2. polyacrylamide, when used as a kind of additive, can improve the oil recycling efficiency. when used as flocculants, it can be used for sewage treatment. it can also be used as a paper strength agent.
3. acrylamide is the most important products in acrylamide and methacrylamide-based products. since its application in industry in 1954, the demand gradually increase. it is mainly used for the preparation of water soluble polymers which can be used as additives to improve oil recovery; as a flocculant, thickening agents, and paper additives. a small amount of acrylamide is introduce the hydrophilic center into the lipophilic polymer to improve the viscosity, increase the softening point and improve anti-solvents ability of resin, and can aso introduce a center for the coloring property of dye. acrylamide is also often used as a component of the photopolymer. for the vinyl polymer, its crosslinking reaction can take advantage of this kind of reactive amide groups. acrylamide can co-polymerizze with certain monomers such as vinyl acetate, styrene, vinyl chloride, vinylidene chloride, and acrylonitrile to obtain a polymer with a variety of applications.
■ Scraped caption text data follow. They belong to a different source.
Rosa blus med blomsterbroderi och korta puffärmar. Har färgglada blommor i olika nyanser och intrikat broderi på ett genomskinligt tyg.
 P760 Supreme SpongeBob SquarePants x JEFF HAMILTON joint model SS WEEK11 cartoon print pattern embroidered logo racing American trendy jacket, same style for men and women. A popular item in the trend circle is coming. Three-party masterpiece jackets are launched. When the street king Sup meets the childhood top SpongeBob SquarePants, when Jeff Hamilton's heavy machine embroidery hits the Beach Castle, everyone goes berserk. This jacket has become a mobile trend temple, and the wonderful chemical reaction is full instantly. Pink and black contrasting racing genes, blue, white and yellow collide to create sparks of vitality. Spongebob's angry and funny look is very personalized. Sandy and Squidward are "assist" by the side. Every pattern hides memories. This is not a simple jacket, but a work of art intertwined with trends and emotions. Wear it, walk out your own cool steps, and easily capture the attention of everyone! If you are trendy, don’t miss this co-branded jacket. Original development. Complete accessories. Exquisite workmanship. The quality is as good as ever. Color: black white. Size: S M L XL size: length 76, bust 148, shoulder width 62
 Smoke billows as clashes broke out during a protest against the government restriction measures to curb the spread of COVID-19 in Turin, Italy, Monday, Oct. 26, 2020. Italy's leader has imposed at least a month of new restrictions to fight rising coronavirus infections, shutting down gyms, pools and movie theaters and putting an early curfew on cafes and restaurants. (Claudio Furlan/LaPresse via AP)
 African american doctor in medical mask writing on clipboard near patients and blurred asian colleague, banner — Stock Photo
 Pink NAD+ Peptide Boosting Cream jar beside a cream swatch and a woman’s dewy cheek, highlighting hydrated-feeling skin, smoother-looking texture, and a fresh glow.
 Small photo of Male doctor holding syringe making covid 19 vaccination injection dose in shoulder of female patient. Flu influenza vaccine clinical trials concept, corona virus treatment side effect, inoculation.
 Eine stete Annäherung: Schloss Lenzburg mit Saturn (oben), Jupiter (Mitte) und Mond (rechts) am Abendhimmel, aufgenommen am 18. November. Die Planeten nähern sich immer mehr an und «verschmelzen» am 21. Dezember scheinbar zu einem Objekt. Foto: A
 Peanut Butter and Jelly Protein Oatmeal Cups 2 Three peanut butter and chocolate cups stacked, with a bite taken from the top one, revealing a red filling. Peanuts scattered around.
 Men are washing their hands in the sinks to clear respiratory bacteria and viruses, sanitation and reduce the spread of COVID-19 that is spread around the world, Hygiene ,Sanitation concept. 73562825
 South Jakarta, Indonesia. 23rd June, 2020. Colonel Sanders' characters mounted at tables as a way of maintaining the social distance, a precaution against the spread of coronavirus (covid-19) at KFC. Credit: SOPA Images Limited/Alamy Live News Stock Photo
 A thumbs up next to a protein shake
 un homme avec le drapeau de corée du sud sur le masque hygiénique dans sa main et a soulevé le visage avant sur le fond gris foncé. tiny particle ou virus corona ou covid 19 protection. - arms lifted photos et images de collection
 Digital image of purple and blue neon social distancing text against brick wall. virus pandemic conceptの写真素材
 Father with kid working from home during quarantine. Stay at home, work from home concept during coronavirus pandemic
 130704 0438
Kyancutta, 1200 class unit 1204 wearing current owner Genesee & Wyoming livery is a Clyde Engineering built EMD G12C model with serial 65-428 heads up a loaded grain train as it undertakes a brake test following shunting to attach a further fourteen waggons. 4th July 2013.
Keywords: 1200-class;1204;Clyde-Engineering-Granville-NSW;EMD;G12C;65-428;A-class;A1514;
the main application areas: (1) used for the oilfield; the materials can be used in oilfield injection of wells for adjustment of the injection profile. mix this product with initiator, and deaerator and inject into the high permeability layer part of water wells. this will lead the formation of high- viscosity polymer unearth of the stratum. this can plug the large pore, increase the swept volume of oil, and enhance the oil recovery. in addition, the product polymer or copolymer can be used for tertiary oil recovery, fracturing, water shutoff, drilling mixing process and chemical grouting. (2) it can be used as flocculants. its partially hydrolyzed product and its graft copolymer of methyl cellulose can be used in wastewater treatment and sewage treatment. (3) soil conditioner; using the hydrolyzed product as soil amendments can aggregate soil and can improve air circulation, water permeability and water retention. (4) modification of fiber and resin processing; using acrylamide for carbamylation or graft polymerization can improve the resin arrangement of a variety of fiber containing synthetic fiber, as well as for warp and printing paste in order to improve the basic physical properties of fabrics as well as preventing wrinkle, shrink and keeping a good hand feeling. (5) it can be used as paper enhancer; copolymer of acrylamide and acrylic acid or partial hydrolysis products of polyacrylamide can be used as paper strength reinforcing agent for either replacing or combining with starch, and water-soluble amino resin. (6) it can be used as an adhesive agent including glass fiber adhesive agent with the combination of phenolic resin and polyacrylamide solution, as well as pressure sensitive adhesive combined with synthetic rubber.
4. it is the raw material for producing polyacrylamide and related products.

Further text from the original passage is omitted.